◆ **DATASET EXCERPT**
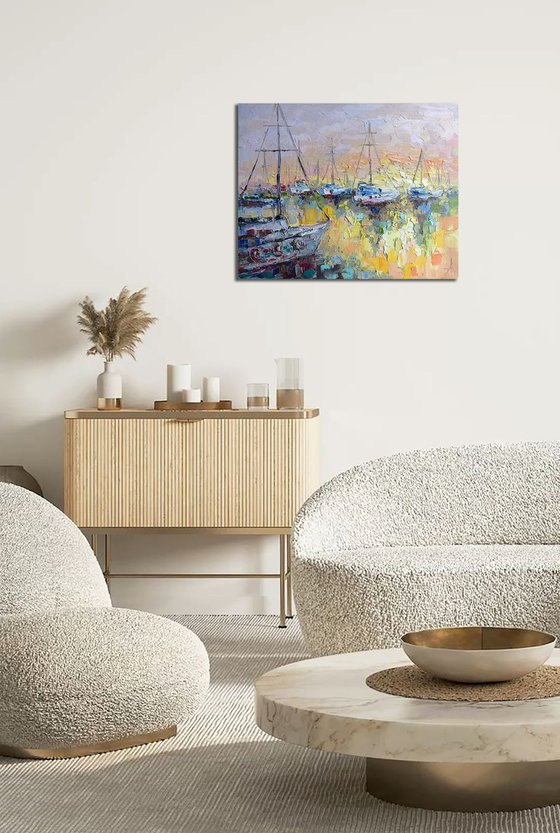 Quiet harbor at sunset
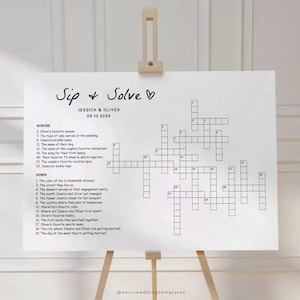 Wedding Crossword Puzzle Template: Sip and Solve Game (Digital Download)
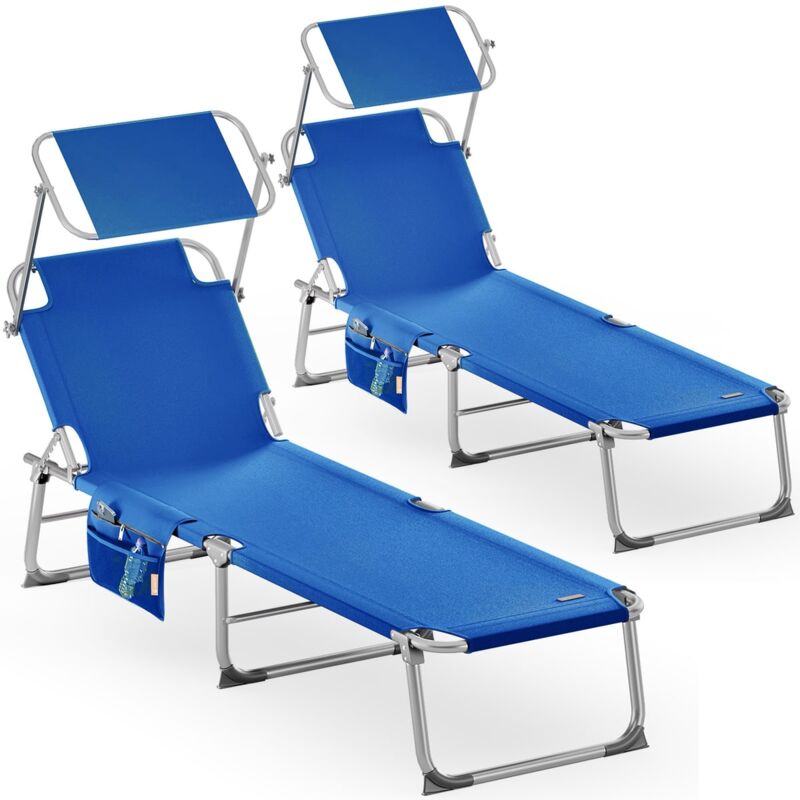 

Silla Larga Ibiza Plegable con Visera de poliéster fácil de Transportar Playa Exterior jardín - color a elegir 2x Azul - 2x Azul - Casaria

◆ **YOUR ASSIGNMENT**
Print all the material above exactly, and drop the images.

◆ **EXERCISE RESPONSE**
 Quiet harbor at sunset
 Wedding Crossword Puzzle Template: Sip and Solve Game (Digital Download)

Silla Larga Ibiza Plegable con Visera de poliéster fácil de Transportar Playa Exterior jardín - color a elegir 2x Azul - 2x Azul - Casaria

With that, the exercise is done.